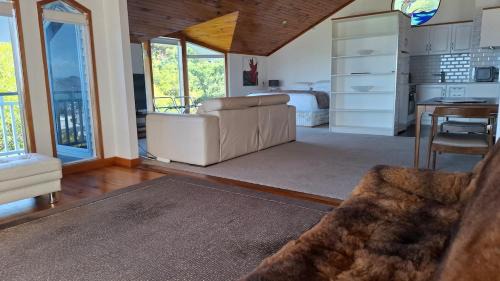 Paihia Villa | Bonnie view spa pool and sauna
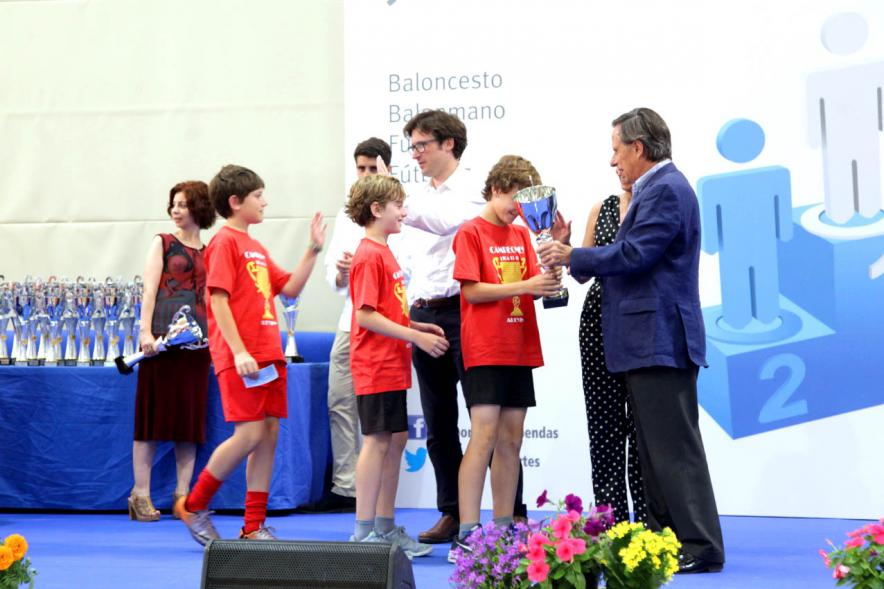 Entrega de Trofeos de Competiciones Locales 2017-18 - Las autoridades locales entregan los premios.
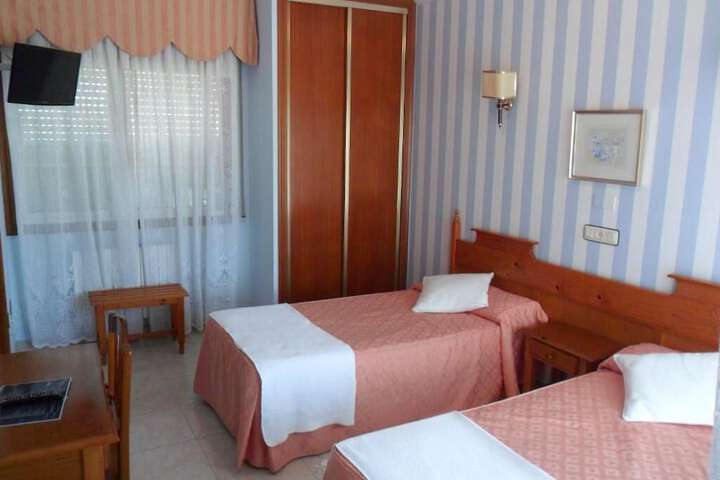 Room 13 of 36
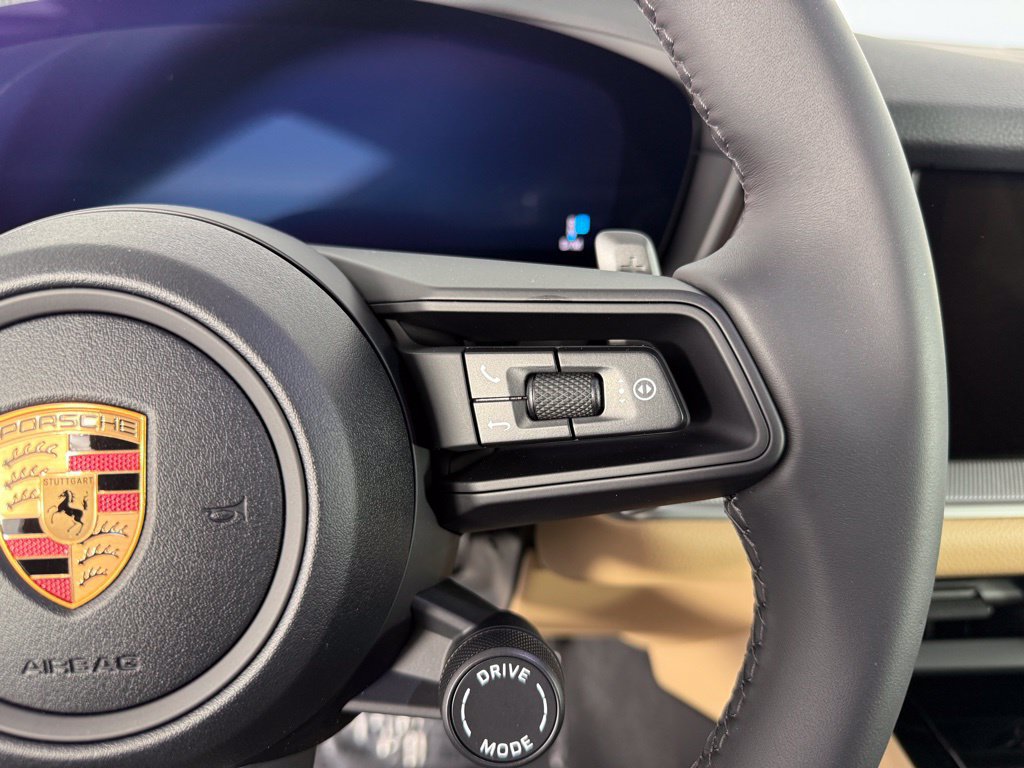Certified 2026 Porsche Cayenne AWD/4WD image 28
§ §
● Exercise aim
Every line from the one with "Room 13 of 36" through the last line of the listing above must be written out exactly, and no picture may appear.

● Exercise result
 Room 13 of 36
Certified 2026 Porsche Cayenne AWD/4WD image 28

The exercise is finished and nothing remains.